Transport Agency Chief Executive Geoff Dangerfield says the changes are aimed at improving the system to better match funding assistance levels with each region’s needs and ability to pay.

The funding assistance rates system identifies how the costs of delivering transport activities are shared between central government through the National Land Transport Fund (NLTF) and local government (primarily through local body rates). Funding assistance rates are not subsidies, but part of a co-investment system which recognises that there are both national and local benefits from investing in the land transport network. Funding assistance for transport activities is provided to local government (and other approved organisations) through the National Land Transport Programme (NLTP), which is updated every three years.

Transport Agency Chief Executive Geoff Dangerfield says the changes to funding assistance rates, being introduced from next year with the 2015/18 NLTP, will update and streamline the system to ensure that funding for local transport programmes is directed where and when it is most needed.

“The FAR system is a fundamental part of the country’s transport investment framework which had not undergone a robust review for over 30 years. The current system is complicated, with many different rates applying to different activities in different areas, and it doesn’t provide the consistency or the long-term certainty that councils or the Transport Agency need to ensure that New Zealanders are getting the most from our combined investment in the transport systems that they rely on to get to work, travel and do business every day. The changes which are being made as a result of the review will ensure that the system is fairer and more effective in directing funding to the areas and to the activities where the transport network as a whole may suffer if local authorities can’t afford to deliver or maintain what is needed in their areas.”

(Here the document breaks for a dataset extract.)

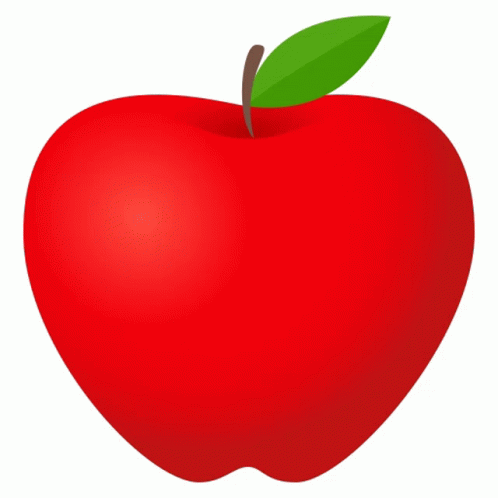 Red Apple Food GIF - RedApple Food Joypixels - Discover & Share GIFs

Under the new FAR system each approved organisation will receive a single funding assistance rate for all of their transport activities, with the exception of emergency works and other exceptional circumstances. Currently a single council may have to navigate through more than a dozen different rates of funding assistance to provide different transport activities.

Mr Dangerfield said that under the changes 59 councils will see their overall funding assistance rates increase or remain the same as current levels, while 20 councils will move to lower rates. In order to address concerns about the impact of any sudden changes for councils with reducing funding assistance rates, the Transport Agency will be gradually transitioning changes to the new rates over the next nine years, beginning next year with the rollout of the 2015/18 NLTP, through to the end of the 2023/24 NLTP funding period.

The new system has established that the overall ‘co-investment rate’ for all local transport programmes combined will be 53%, with individual councils receiving a higher or lower funding assistance rate depending on their relative ability to fund their share.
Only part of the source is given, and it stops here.